Если рыба гниет с головы, глупо чистить ее с хвоста — только заразу разносить.
[1] В статье частично использованы материалы проекта «Основания и критерии оценки результативности философских и социогуманитарных исследований» (грант РГНФ № 11-03-00442 а). Участники исследования: А. Н. Баранов — доктор филологических наук, заведующий отделом экспериментальной лексикографии Института русского языка РАН; А. А. Гусейнов — академик РАН, директор Института философии РАН; Н. И. Лапин, член-корр. РАН, руководитель Центра изучения социокультурных изменений Института философии РАН; Н. В. Мотрошилова — доктор философских наук, зав. отделом историко-философских исследований Института философии РАН; А. П. Огурцов — доктор философских наук, Институт философии РАН; А. В. Рубцов — (руководитель проекта), руководитель Центра философских исследований идеологических процессов, зам. зав. отделом аксиологии и философской антропологии Института философии РАН; Б. Г. Юдин — член-корр. РАН, зав. отделом комплексных проблем изучения человека Института философии РАН; А. Ф. Яковлева — заведующая Информационно-аналитическим отделом Института философии РАН.

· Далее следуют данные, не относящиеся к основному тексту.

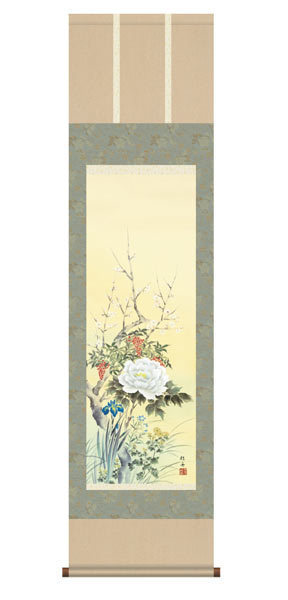 掛軸 掛け軸 国産 特選掛軸 日本画 四季花 オマケ付き 024拍卖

[2] Институт теоретической и прикладной механики СО РАН: исследования наркотической зависимости, токсикомании, алкоголизма, терапия и лечебное дело, трансплантология, стоматология и хирургическая стоматология, экология, психиатрия, акушерство и гинекология, история и др.; Институт прикладной физики Нижегородского НЦ РАН: политические науки, акушерство и гинекология, экономика, история и философия науки, психология — междисциплинарная, терапия и лечебное дело, науки о растениях, аудиология и патология речи, дерматология, история и др.; Институт физической химии и электрохимии РАН: терапия и лечебное дело, токсикология, археология, продукты питания и технологии производства, искусство, архитектура, ветеринария, кино, радио и телевидение, исследование операций и методы управления, этнология, садоводство и овощеводство и др.
[3] Юрий Батурин. Символика первых актов // Новая газета, № 8 от 27 января 2014 г.
[4] В высшей степени характерна новейшая история Института культурологии, директор которого с огоньком поддержал идею объединить институты Минкульта в «гуманитарное Сколково», что сразу освобождало несколько особняков и позволяло легко уполовинить кадры, уже десятилетия сжирающие министерский ресурс. В приличном обществе с понятиями о чести он за это, конечно же, получил бы пост руководителя объединенного института. Но его попросту… «съели», на реорганизацию культурологии бросили инженера-железнодорожника, и теперь закрывают сектора, увольняют людей, подписавших протестные письма. Да и сам министр, что-то краем уха прослышавший про «Философию зайца» и принявший все буквально, на всю страну озвучил эту тему как пример культурологического абсурда. Новая дирекция Института озвучила установку: «У министерства нет денег на фундаментальную науку». Люди наверху явно приняли обет нестяжательства, иначе знали бы, что годовой зарплаты этих гуманитариев культурному бизнесмену едва хватит позавтракать.